Release Date: 30 May 2023

Highlights (1.6.2)

Overview

This release introduces user configurable metric alerting, along with a set of standard system alerts. Alerts can also be sent as notifications to email or webhooks. It also includes support for extended metric retention (30 days) along with a number of additional small enhancements and bug fixes.

New Intelligent Monitoring framework

  • Ability to view all alert conditions for a DBMS.
  • Ability to enable, disable and delete conditions as required.
  • Ability to create custom alert conditions based on thresholds for metrics. This is done via the charts on the Metrics dashboard.
  • Provision of pre-configured event based alert conditions for Agents
    • Unreachable/Offline agents detected
    • Incompatible agent connected
    • Agent update failed
    • Failed to parse config
    • Metric collection failed
    • Failed read configuration
  • Provision of pre-configured event based alert conditions for Instances
    • Offline instances detected
    • Metric collection failed
    • Bloom license error
    • Could not connect to query log streaming
    • Query log buffer overflow
    • Failed to parse a query log message
    • Query execution error
    • Authorization failure
  • Provision of pre-configured event based alert conditions for DBMSs
    • Multiple versions detected
    • Missing members in topology
    • Provision of pre-configured metric threshold based alert conditions
      • High CPU usage (idle cpu usage is less than 2%)
      • High memory usage (memory free is less than 1GiB)
      • Disk space low (disk free is less than 5GiB)
      • High swap usage (swap usage is greater than 5GiB)
      • Low page cache hit ratio (page cache hit ratio is less than 0.98/98%)

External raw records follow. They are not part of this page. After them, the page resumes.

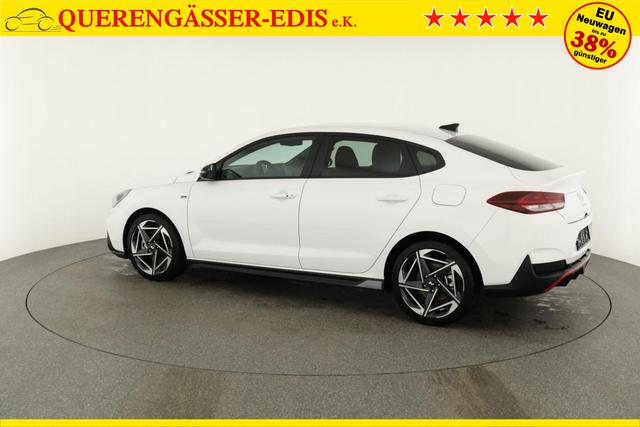 Hyundai i30 N Line 1.5 T-GDI DCT Fastback N-LINE, Navi, 18-Zoll, Kamera, LED, Winter 
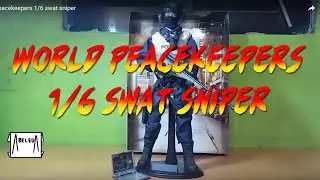 world peacekeepers 1/6 swat sniper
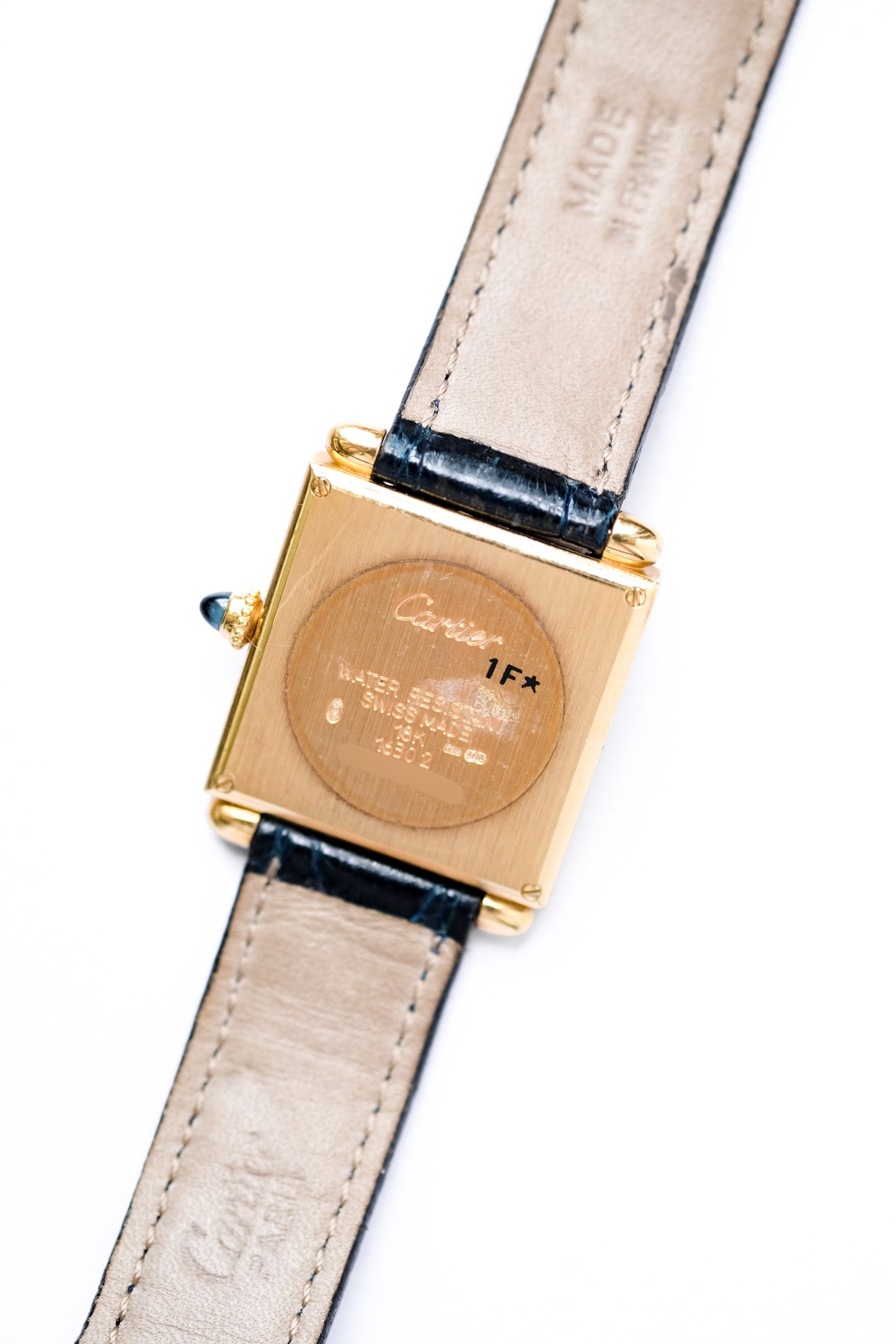 Cartier Tank Obus ref. 1630 2 - c. 1990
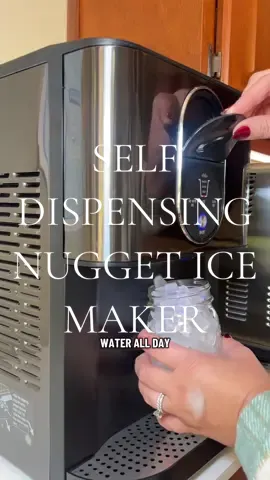 The soft, chewy nugget ice obsession is real. 🧊 No more daily ice runs for us! #nuggeticemaker #nuggetice #icemaker #tiktokshopblackfriday #tiktokshopcybermonday 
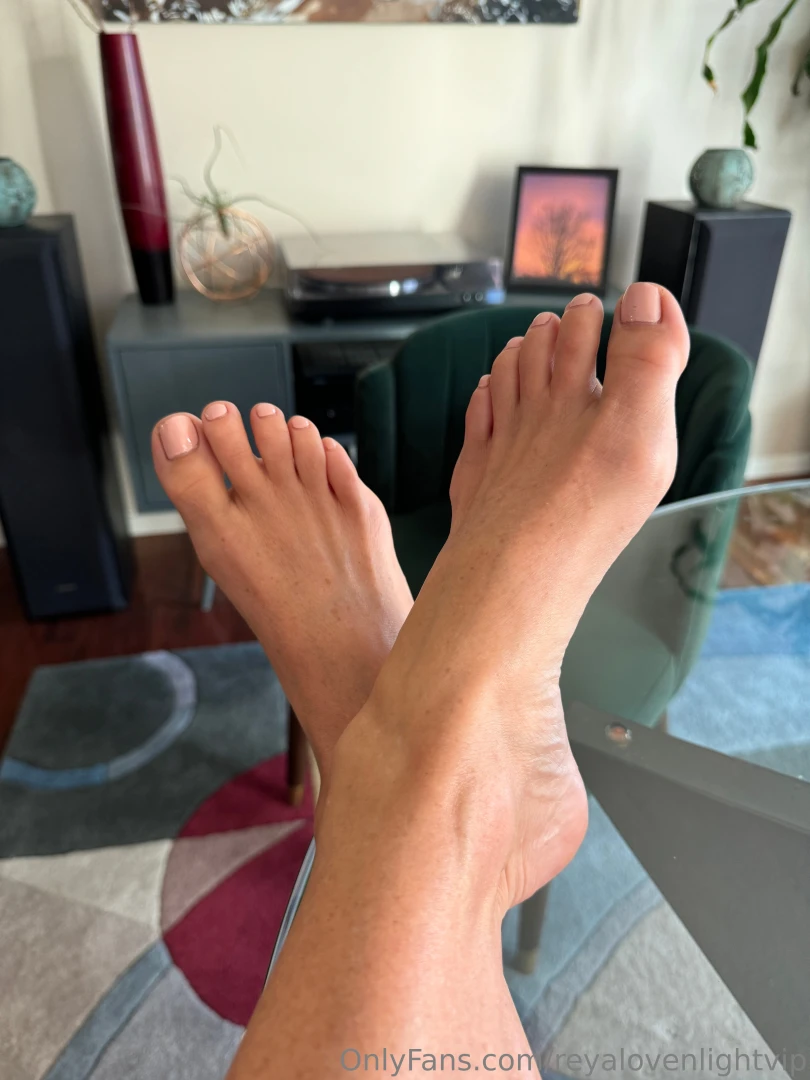 Lots more of my feet soon to come 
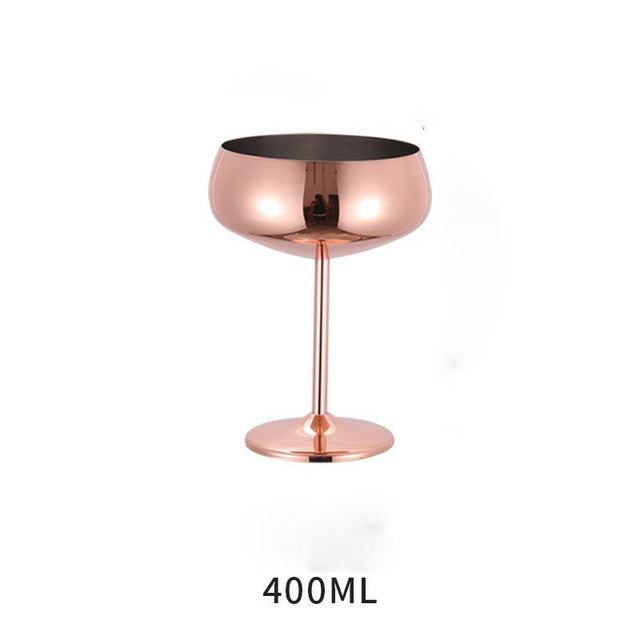 2pcs Stainless Steel Martini Glass - Yorkn Inc✅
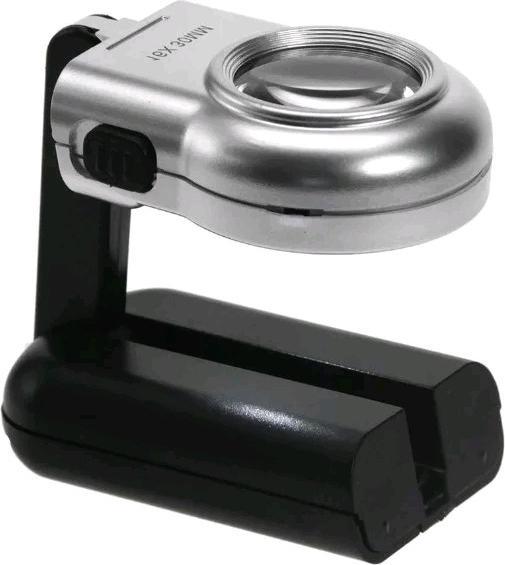 Actual product image Safe Precision illuminated magnifier, 16x magnification 9551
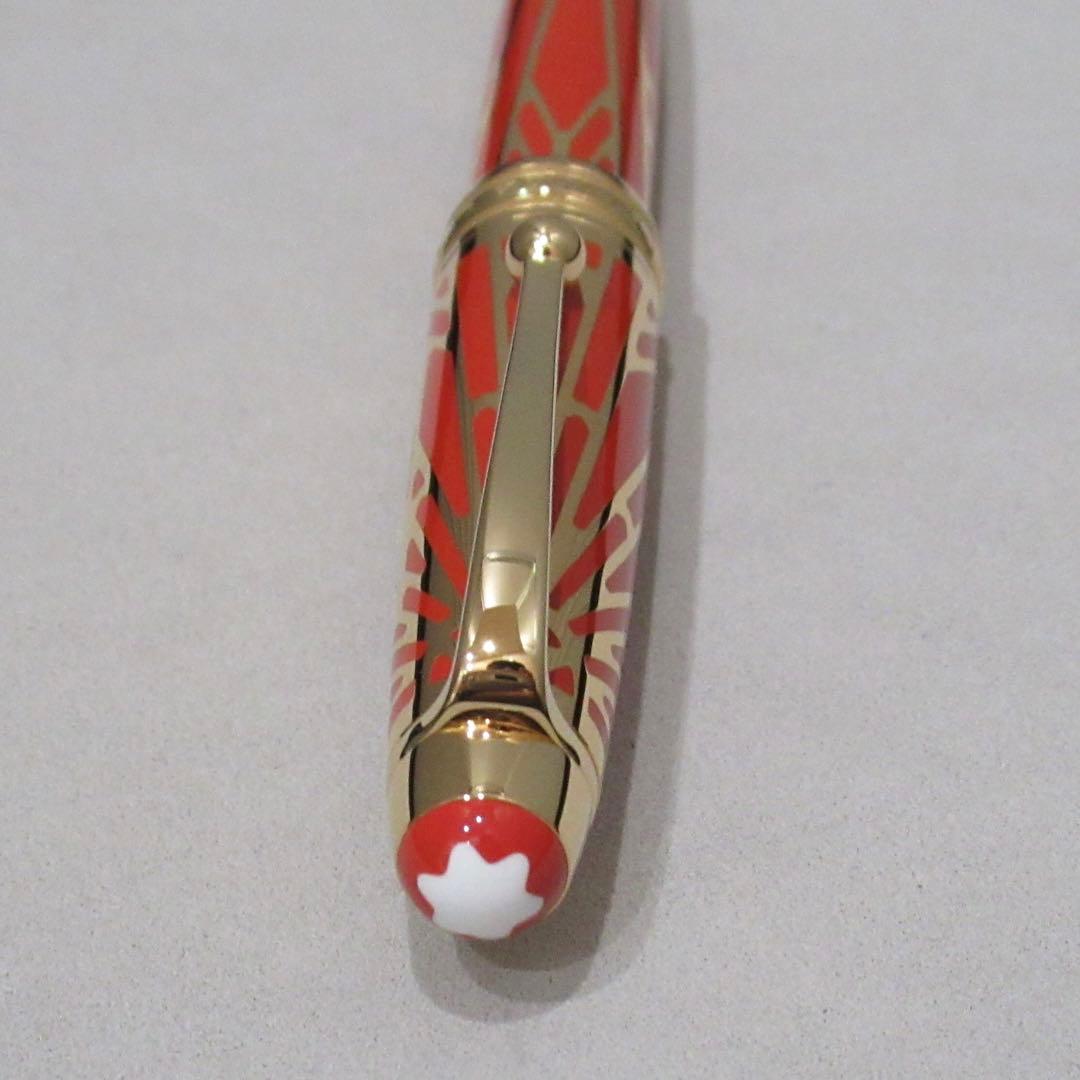 モンブラン ボールペン マイスターシュテュック 100周年 ミッドサイズ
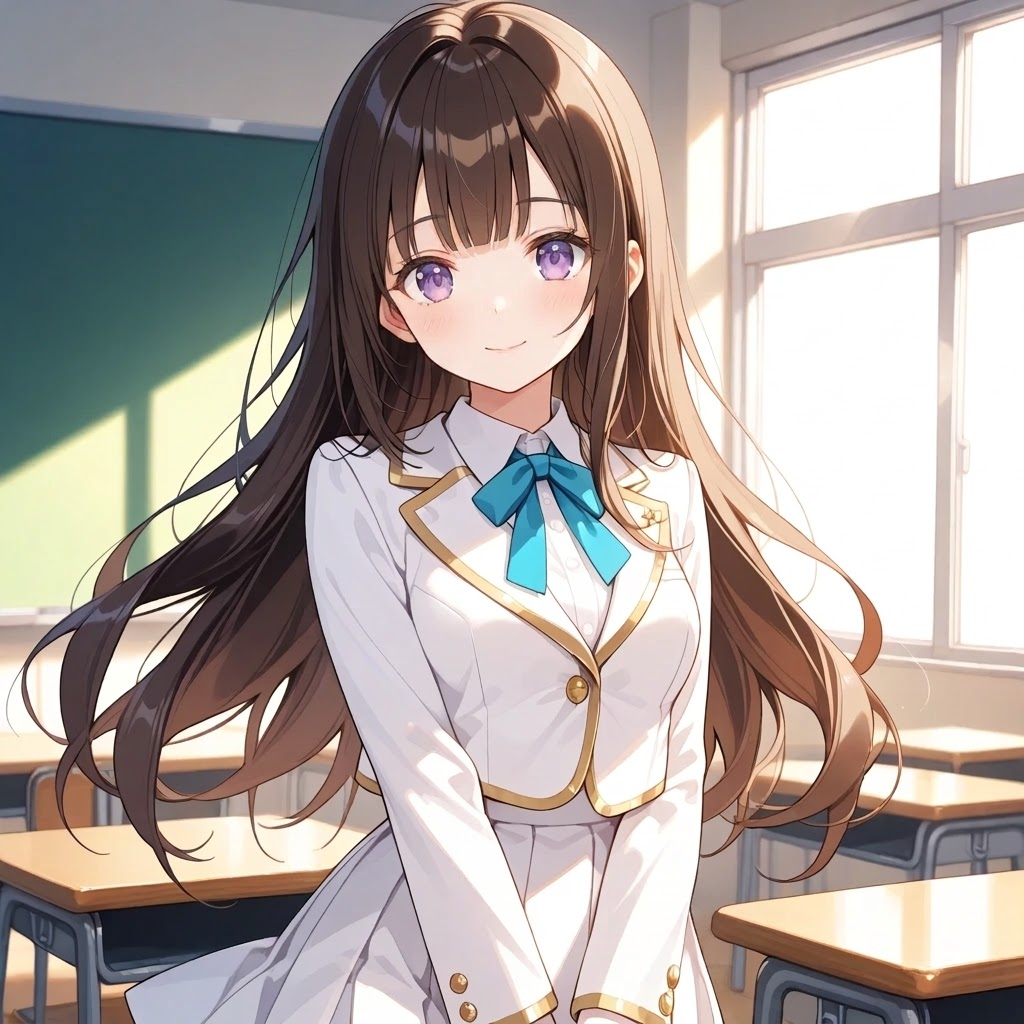 麗華照れ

Notifications for NOM alerts

  • Ability to configure an email channel.
  • Ability to configure webhooks for specific apps
    • Slack
    • Discord
    • Teams
  • Ability to configure a webhook that will accept the generic payload NOM provides.
  • Ability to set up notifications per DBMS
    • Alert levels can be specified to limit notifications as required.
    • Notifications can be sent to the configured webhooks or email.
 

 Aggregated metrics data 

  • Can now view metrics up to one month ago
  • Metrics that exceed 3 days since their capture, are aggregated into one aggregated metric node with a median value, min, and max

Fixes

  • Fixed an issue where NOM was incorrectly storing details for instances with GDS installed. This was causing NOM to be unable to correctly display the topology of the managed estate. 

Known Issues

  • Threshold alert condition configuration for page cache metrics is incorrectly displayed. The metrics are displayed as % values but are actually stored as a ratio between 0 and 1. As a workaround – users can set the threshold value to a value between 0 and 1 and ignore the % sign (e.g. to set the threshold to 98%, the user would actually need to set the value as 0.98%). 
  • Threshold alert condition configuration for disk usage metrics incorrectly applies the threshold condition to all ‘Disk Used’ metrics instead of only the one specified in the current chart. 
  • The search in the ‘Conditions’ table does not search in the ‘Location’ column. 
  • When upgrading an agent which is running as a service, sometimes the agent will need to be manually restarted for query logs to be streamed to NOM after the upgrade
  • Agent screen auto-update can stop working. You may need to refresh the screen to get the latest agent status.